In its unequivocal prioritization of Urdu over Bengali, Jinnah’s speech sparked mass outrage among East Pakistan’s Bengalis. Waves of public criticism denouncing the government’s linguistic policy swept through the region over the next few years, before coming to a head in 1952. “On the morning of February 21 that year, as political debate spearheaded by Dhirendranath raged in Dhaka’s Provincial Assembly house over the recognition of the Bengali language,” recalls Dutta, “thousands of university students, college students and common people assembled on the adjacent university grounds to stage a public protest.”
Despite starting off as a peaceful assembly, the day’s proceedings began to reel out of control as the hours went by. Before long, organized protest had given way to frenzied chaos, forcing the police to open fire on the gathering.

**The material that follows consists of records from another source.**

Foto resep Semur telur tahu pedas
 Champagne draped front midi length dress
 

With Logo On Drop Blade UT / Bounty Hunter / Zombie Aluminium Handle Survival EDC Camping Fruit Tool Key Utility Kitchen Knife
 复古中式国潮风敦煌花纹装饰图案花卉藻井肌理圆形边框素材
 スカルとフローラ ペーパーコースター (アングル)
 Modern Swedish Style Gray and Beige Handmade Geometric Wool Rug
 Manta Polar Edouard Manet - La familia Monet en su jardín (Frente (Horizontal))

Four students were killed, and their deaths sparked further civic unrest, which resulted in even more death and destruction of what was widely believed to be the state’s cultural hegemony over its Bengali population.
Looking back on the remains of the day, many of Bangladesh’s leading thinkers concur that the tidings of 1952 — as well as the people involved in the affairs — played a critical role in shaping and foreshadowing Bangladesh’s subsequent path to independence. “There were many language activists who were in the vanguard of the formative phase of the Language Movement, and among those, however, Shaheed [martyr] Dhirendranath Dutta’s role was seminal by any measure,” noted academic and political observer M. Waheeduzzaman Manik in his column in Bangladeshi newspaper The Daily Star in 2014.
In a written statement issued in 1994 while she was opposition leader in Parliament, current Bangladeshi Prime Minister Sheikh Hasina observed that “the groundwork of nationalism founded by the Language Movement eventually shaped Bangladesh’s struggle for independence,” and that freedom was finally obtained in exchange for “the lives of 3 million martyred men and the dignity of 2 million violated women.”
A price that steep is difficult to forget. And even after four decades, Bangladesh continues to remember its heroes. A national monument called Shaheed Minar now stands in poignant silence within the premises of Dhaka University, paying tribute to all of Bangladesh’s shaheeds who made the supreme sacrifice for their motherland. Just like Datta.